SHARE
Courtesy Oni Ramen.

Remember when the ramen craze hit? Every writer in the world wrote some form of this sentence: “This isn’t your college dorm room ramen.” Or: “Chef So-And-So is turning everyone’s favorite bargain noodle into something blah-blah-blah.” It was kind of the same deal with food trucks: “These aren’t the same roach-coaches you’re used to blaming for your botulism.”

We’re past that, aren’t we? I can write a column about Chef Jesus Garcia of Oni Ramen (2801 W 7th St, 817-882-6554) without having to preface the whole thing with some inane nod to the fact that most people’s introduction to the noodle involved a Styrofoam cup, water, and a microwave, right? Probably not, since I just did it sneakily.

Haute ramen, the kind served at Garcia’s outstanding new soup kitchen, hasn’t yet taken hold in Fort Worth as strongly as it did in, say, Dallas and other large cities. By my math, we have three such places: Oni, Hanabi Ramen & Izakaya, and Chef Kevin Martinez’ Yatai Food Truck. But it’s quality that matters, right?

Rideshare2Vote Website banner 300 x 250 (pixels)-page-0

Garcia’s road to restaurant ownership was as circuitous as a child’s placemat maze. His path started as the chef of Little Lilly Sushi (6100 Camp Bowie Blvd, Ste 12, 817-989-8886), where he was lauded by a certain local food critic (it was me!) as the best chef in this city. After a dramatic and sudden exit from the sushi shrine, he left for Seattle to work and learn about how to run a ramen joint, and found himself training in Japan for a brief time. The Sushi Axiom ownership group, who also partly owned the now-defunct Kin-Kin Urban Thai and Bite City Grill, recruited him back to the area. Oni slid on into the company’s lease of Kin-Kin’s former space.

As happy as I was that Garcia returned, I was also a little bummed that he wasn’t doing sushi. But, much like TV shows produced by Dick Wolf and music by Radiohead, I trust anything the guy puts his name on.

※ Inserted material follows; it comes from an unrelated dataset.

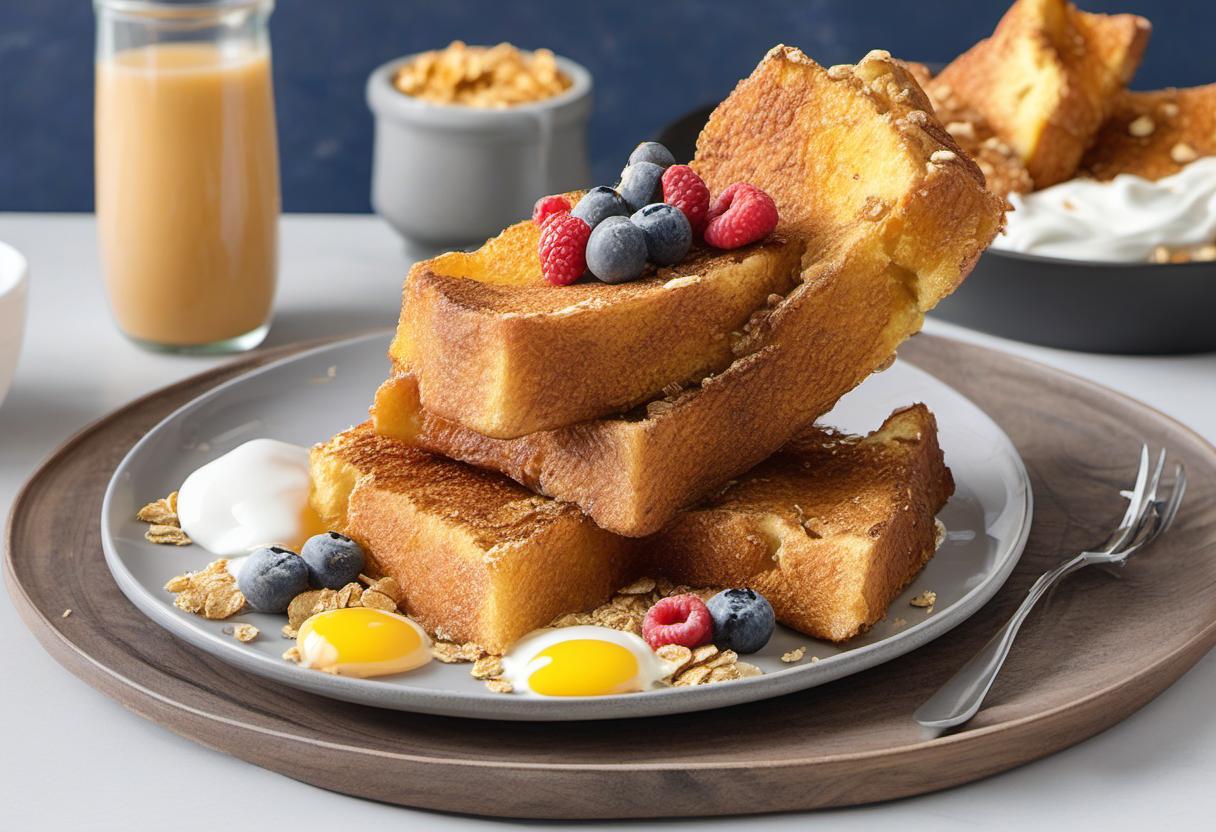 Image showing the final output answering the question: How do I prepare cereal French toast.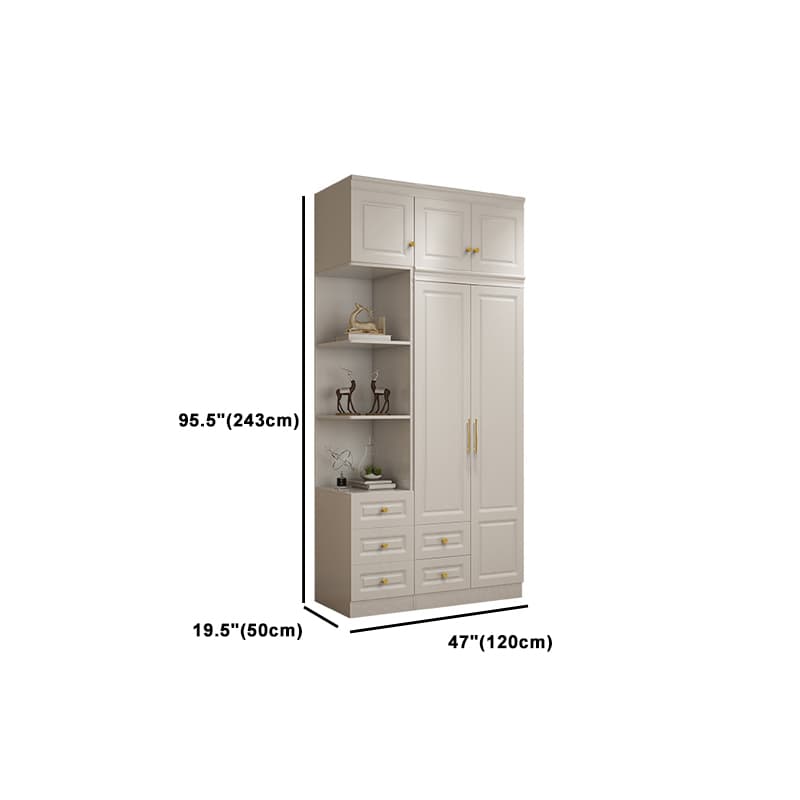 Art Deco Chalk Manufactured Wood Free Standing Interior Shelves Wardrobe with Soft Close Drawer and Hanging Rod - image 27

Garcia’s menu asks diners to make a lot of choices. You can choose the broth, protein, and everything else in your soup –– there are also a few signature dishes for those who can’t make decisions, but you still have to pick a spice level. (The “Oni,” which is Japanese for “demon,” features the tear-jerking Carolina Reaper pepper.) If you opt for the poke bowl, you also have to decide what kind of fish and extra toppings come with it.

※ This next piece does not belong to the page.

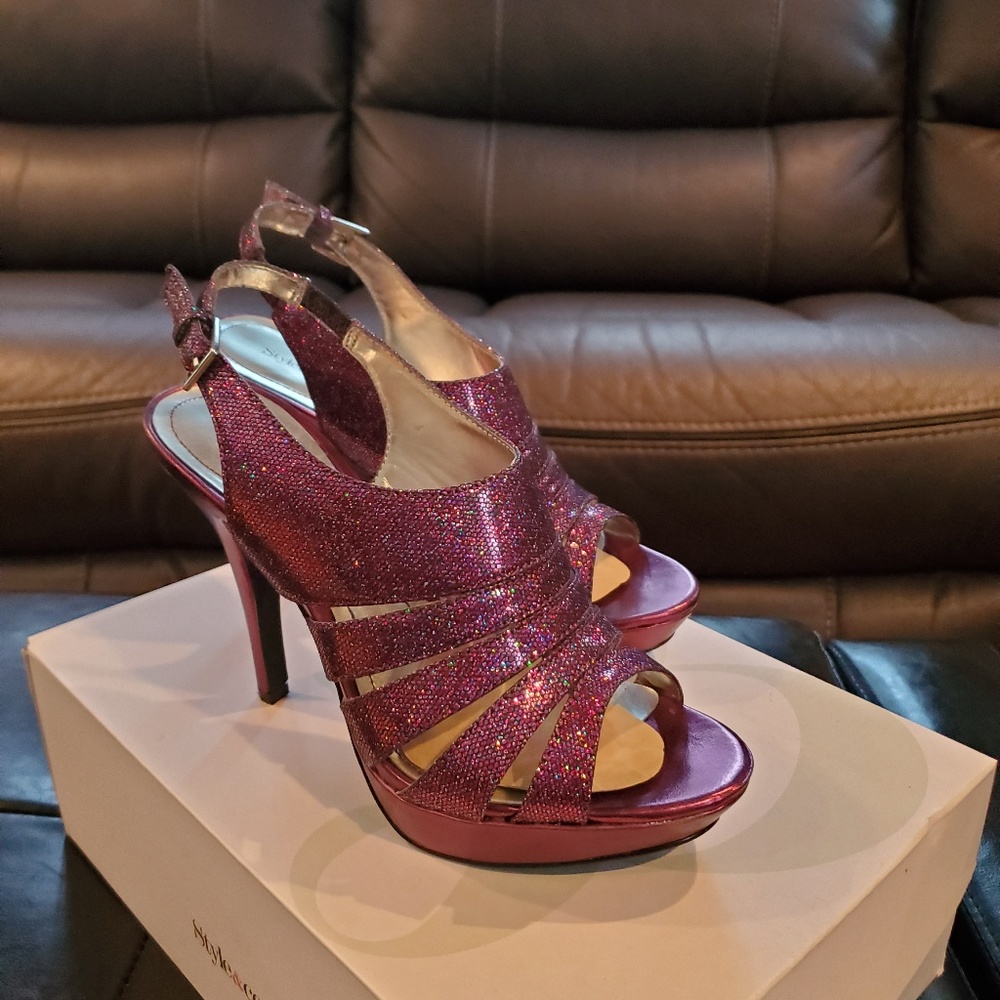 Macy's Plum Glitter Heels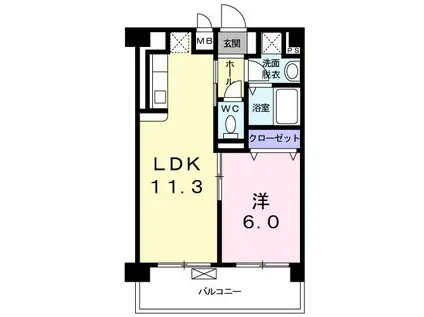 横網 リバーイースト(1LDK/5階)の間取り写真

Maybe I was just being stubborn ordering the only raw fish dish on the former sushi chef’s menu, but the first time I checked out the place, I chose the large poke bowl ($14), which comes with two toppings. The mix of sushi-grade salmon and tuna sat atop perfectly sticky rice, and, at my request, were accompanied by thinly sliced avocados and salty salmon roe. The sum of the parts was a fresh-tasting, light, delightful combination of straightforward ingredients mixed with a citrus soy sauce, green and sweet onions, ogo seaweed, cucumber, and sesame seeds.

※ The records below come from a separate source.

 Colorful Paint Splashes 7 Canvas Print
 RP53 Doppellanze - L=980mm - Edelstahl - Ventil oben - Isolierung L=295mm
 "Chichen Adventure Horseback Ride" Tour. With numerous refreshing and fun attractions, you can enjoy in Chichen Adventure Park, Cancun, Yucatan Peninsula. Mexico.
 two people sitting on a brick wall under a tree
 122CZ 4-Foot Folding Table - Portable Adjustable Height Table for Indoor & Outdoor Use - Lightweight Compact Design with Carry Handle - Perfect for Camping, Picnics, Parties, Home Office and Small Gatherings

I’m hardly averse to making decisions –– the Kyushu Tonlotsu ramen ($11) just looked better than anything I could have come up with. Spicy black garlic oil pooled atop the rich pork broth like an oil spill. The thin noodles were perfectly al dente and begged to be slurped. The accompanying succulent pork belly, woodear mushrooms, and mustard greens desperately needed the bright tones of the red ginger to cut through the dark, belly-warming series of exquisite but simple tastes.

Oni is open until 4am on weekends, which kind of fits with the noodle’s college days party image. But that’s about the only thing Garcia’s ramen has in common with the stuff you get at 7-Eleven for 89-cents.